“The current war is very different from the second world war. Our enemy is not so very different. But the casualties to date are infinitely lower and most populations around the world do not yet face anything like the threat that they faced back then. But this war is also several times longer already. And to a greater extent than any previous war in history, it is being played out as much in terms of public opinion via the media (witness the Sydney gunman’s use of Facebook and YouTube) as in the cafes of Sydney and the schools of Northern Pakistan. The drip-drip of negative news could do some good. Or it could, if sustained for long enough, result in a stultifying and morally appalling form of equivalence and despair from here and America.
“Which is why today is also a day when it is worth remembering that, no, we are not ‘just as bad as them.’ British and American troops do not go into schools and deliberately gun down students.
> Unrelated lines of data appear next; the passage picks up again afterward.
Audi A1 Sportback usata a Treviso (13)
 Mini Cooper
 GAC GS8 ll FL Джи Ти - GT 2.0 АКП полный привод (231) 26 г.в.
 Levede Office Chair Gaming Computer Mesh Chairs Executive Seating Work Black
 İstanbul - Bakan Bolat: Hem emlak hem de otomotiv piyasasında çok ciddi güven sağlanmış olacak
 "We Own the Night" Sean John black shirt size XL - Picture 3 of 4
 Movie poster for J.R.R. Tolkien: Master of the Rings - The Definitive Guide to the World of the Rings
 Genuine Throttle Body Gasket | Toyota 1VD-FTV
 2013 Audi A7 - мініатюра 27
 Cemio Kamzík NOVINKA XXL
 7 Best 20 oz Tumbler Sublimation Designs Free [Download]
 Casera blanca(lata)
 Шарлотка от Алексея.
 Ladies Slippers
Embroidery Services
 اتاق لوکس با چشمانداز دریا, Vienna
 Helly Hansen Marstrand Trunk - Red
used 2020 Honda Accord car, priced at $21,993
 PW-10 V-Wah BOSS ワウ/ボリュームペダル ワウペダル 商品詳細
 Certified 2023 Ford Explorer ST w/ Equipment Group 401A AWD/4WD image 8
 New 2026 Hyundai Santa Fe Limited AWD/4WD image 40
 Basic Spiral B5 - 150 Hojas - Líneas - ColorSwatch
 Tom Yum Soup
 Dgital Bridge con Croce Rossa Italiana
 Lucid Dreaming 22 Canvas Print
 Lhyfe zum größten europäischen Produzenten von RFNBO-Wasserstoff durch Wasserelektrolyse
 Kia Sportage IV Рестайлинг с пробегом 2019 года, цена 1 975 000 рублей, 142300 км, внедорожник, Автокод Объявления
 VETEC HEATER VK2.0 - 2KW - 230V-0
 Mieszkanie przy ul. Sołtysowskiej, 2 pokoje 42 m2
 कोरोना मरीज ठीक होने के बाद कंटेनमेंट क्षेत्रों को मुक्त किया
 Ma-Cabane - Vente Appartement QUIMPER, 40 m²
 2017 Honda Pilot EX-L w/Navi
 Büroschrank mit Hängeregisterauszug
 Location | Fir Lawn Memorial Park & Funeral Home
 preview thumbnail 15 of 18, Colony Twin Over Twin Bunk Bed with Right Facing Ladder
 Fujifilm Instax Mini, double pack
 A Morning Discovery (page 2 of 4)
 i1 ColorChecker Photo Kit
In fact, in recent years, British and American soldiers have been gunned down in Afghanistan and Iraq while trying to protect Muslim children going to school in safety, in spite of the extremists from their own religion. That is a truth worth keeping in mind. But it is a truth that is slipping, in the face of a concerted campaign. A campaign which may be political and partisan at one end, but which is – at the other end – simple drum-beating by civilisation’s enemies.”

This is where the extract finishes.